____ Information supplied
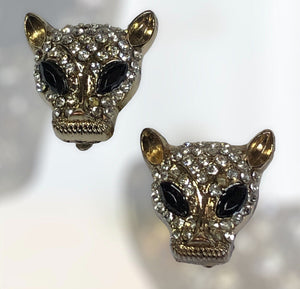 Vintage Jaguar Leopard Diamanté Clip On Earrings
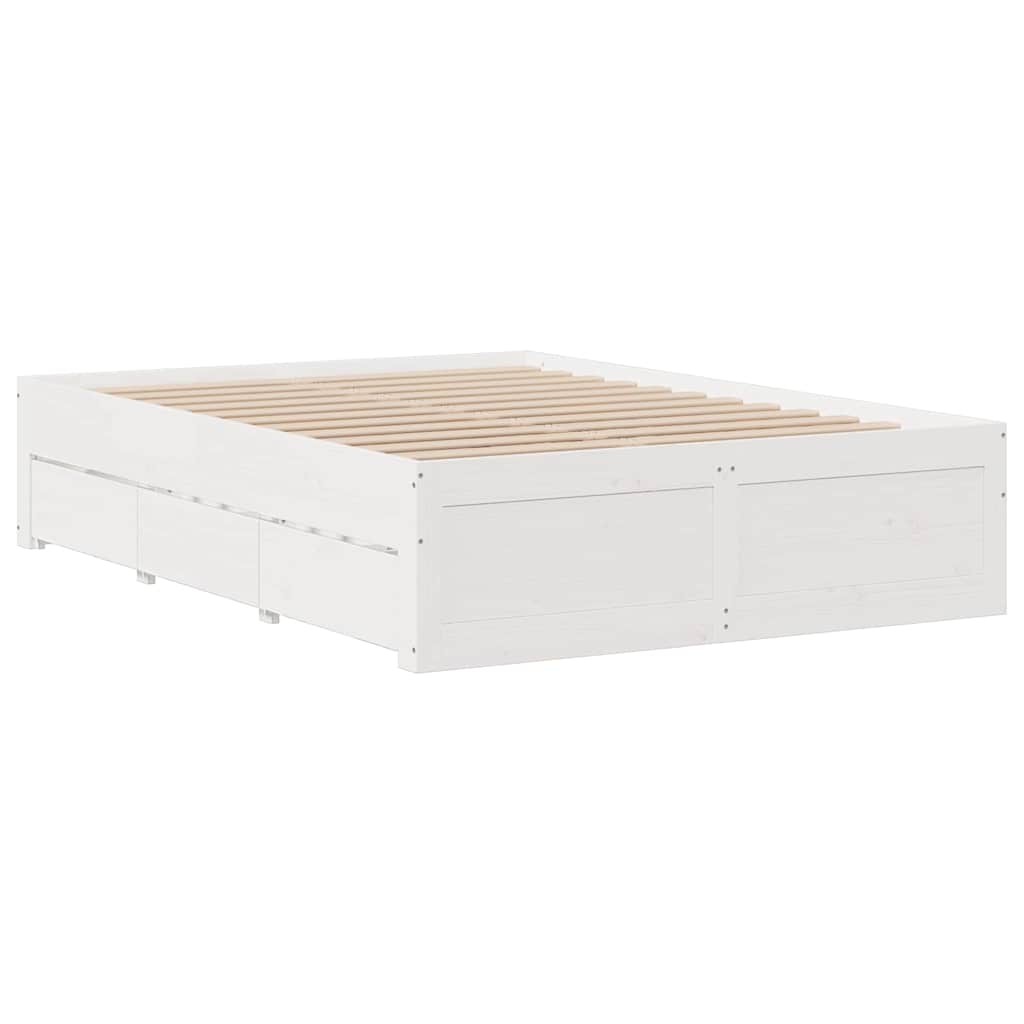 Cadre de lit sans matelas avec tiroirs 140x190 cm bois de pin - XIOS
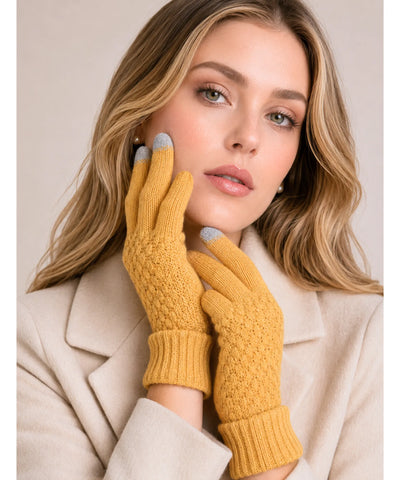 Comprar luva de frio tricotada touchscreen punho canelado forro felpudo textura relevo inverno  ANELLIMN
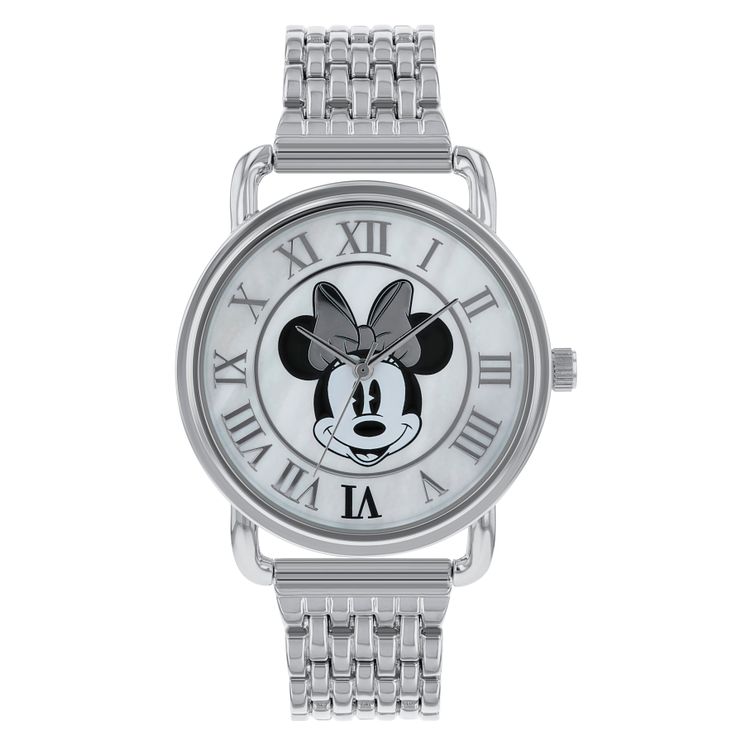 Minnie Mouse Silver Case Silver Bracelet Watch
________
• **Task directions**
Leave the pictures out and copy exactly the lines from the one that holds "Cadre de lit" through the last line of the material.

• **Solved exercise**
 Cadre de lit sans matelas avec tiroirs 140x190 cm bois de pin - XIOS
 Comprar luva de frio tricotada touchscreen punho canelado forro felpudo textura relevo inverno  ANELLIMN
 Minnie Mouse Silver Case Silver Bracelet Watch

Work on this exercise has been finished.